No Brasil, o setor de saúde suplementar fechou o ano de 2025 com um lucro líquido de R$ 24,4 bilhões, representando um crescimento impressionante de 120% em comparação ao ano anterior. Essas informações foram extraídas do Painel Econômico-Financeiro da Saúde Suplementar, que é disponibilizado pela Agência Nacional de Saúde Suplementar.
Esse resultado despertou a atenção de especialistas e reacendeu debates sobre a necessidade de equilibrar a sustentabilidade financeira das operadoras com a garantia de um acesso qualificado para os beneficiários.
Eduardo Amorim, presidente da Comissão Nacional de Direito Médico da Ordem dos Advogados do Brasil, destaca que o aumento dos lucros evidencia a urgência de uma regulação mais rigorosa e transparente no setor. “Embora seja um dado relevante do ponto de vista econômico, é crucial que se considere a perspectiva do consumidor.
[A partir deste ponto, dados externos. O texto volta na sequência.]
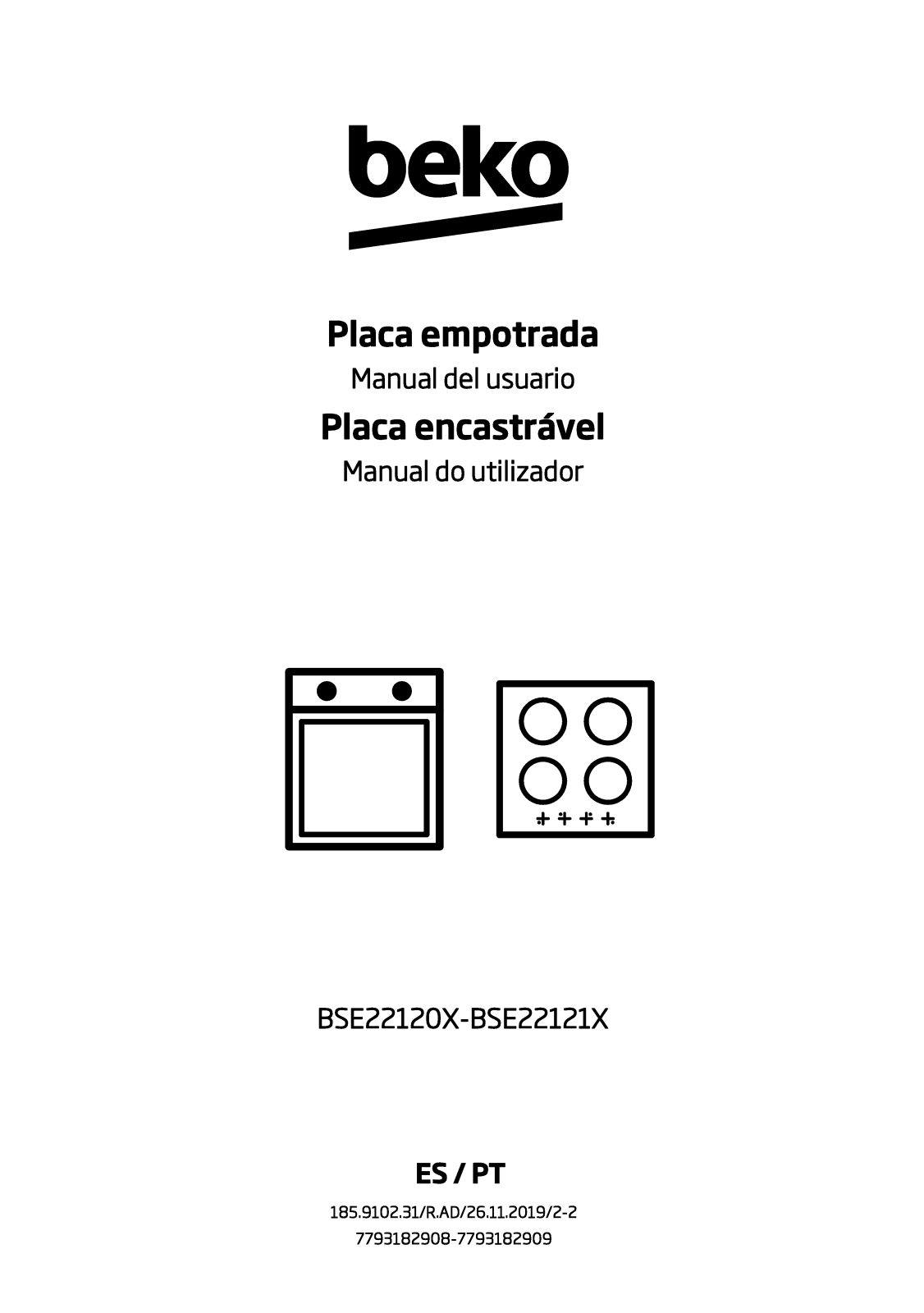 Beko BSE22120X, BSE22121X User manual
O crescimento na rentabilidade deve estar alinhado à qualidade do atendimento e ao respeito pelos direitos dos usuários”, afirma.
Gestão e mercado
Amorim enfatiza que essa situação reforça a necessidade de estabelecer mecanismos que assegurem previsibilidade e equilíbrio nas interações entre operadoras e beneficiários, especialmente em relação a reajustes e alterações contratuais.
No cenário atual, empresas como a QualiSaúde estão investindo em gestão eficiente, inovação tecnológica e programas preventivos como forma de garantir sua sustentabilidade e melhorar a eficiência nos serviços oferecidos.
Desafio do setor
Flávio Cirilo, CEO da QualiSaúde, ressalta: “O verdadeiro desafio para o setor é harmonizar o crescimento financeiro com a expansão do acesso e a melhoria contínua da experiência do paciente. Iniciativas voltadas para a atenção primária e cuidados preventivos são essenciais nesse contexto. Na QualiSaúde, temos desenvolvido um ecossistema interno robusto, inovador e sustentável que visa à satisfação das vidas assistidas.”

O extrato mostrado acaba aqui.